The teams not doing this drift toward longer MTTRs, longer outages, and the special breed of stress which comes from facing a problem you have never seen before while three executives ask for a status update.

This is a permission slip, not a tool

Here is the thing most leaders get wrong. They buy a chaos engineering tool. Gremlin, Steadybit, Litmus. They install it, schedule one experiment, watch nothing burn down, and conclude they are "doing chaos engineering."

You are not. You are using a tool.

What Netflix and Amazon did was give their engineers permission to be curious about what hurts. They built a culture where finding a weakness was a win, not an embarrassment. Where the person who took the system down on a Friday afternoon was a hero, not a problem. Where you measured your team by how fast they recovered, not by whether they ever fell.

This cultural shift is harder than the tooling. The tooling is a Saturday project. The culture is a year of conversations.

I have watched leaders try to short-cut this by mandating chaos days. It does not work. The team goes through the motions, runs a sanctioned experiment in a sandbox, ticks a box, and goes back to being afraid. The fear is the problem. The tool is not.

Things to break on Monday

If you have never done this before, you do not need a platform. You need a willing team and an hour. Try one of these.

Kill a single backend pod during a deploy and watch what your load balancer does.

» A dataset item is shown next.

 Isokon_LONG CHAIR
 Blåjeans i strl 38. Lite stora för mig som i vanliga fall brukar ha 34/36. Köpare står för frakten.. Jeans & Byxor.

Block outbound traffic to a third-party API for five minutes and see whether your fallback fires or whether half your user flows go silent.

Add 500ms of latency to your database connection pool and see how many of your "fast" endpoints turn into timeouts.

Take one of your CI runners offline mid-build and see whether the build queue recovers or stalls forever.

Force a leader election on your distributed coordinator and see how long the brownout lasts.

Each of these is small. Each takes minutes. Each will teach your team more about the system than a quarter of incident retros.

A group of engineers around a whiteboard labelled GAME DAY mapping out failure scenarios on sticky notes

The question every leader should ask

If your team had to handle a regional AWS outage right now, do you trust them to do it well?

If the honest answer is no, you have two options. You wait for the outage to happen and find out the hard way. Or you break the system yourself, on a Tuesday morning, with a stopwatch and a postmortem template, and you learn before the customers do.

The teams who break things on purpose are the teams who sleep at night.

The teams who refuse are the ones who get paged at three.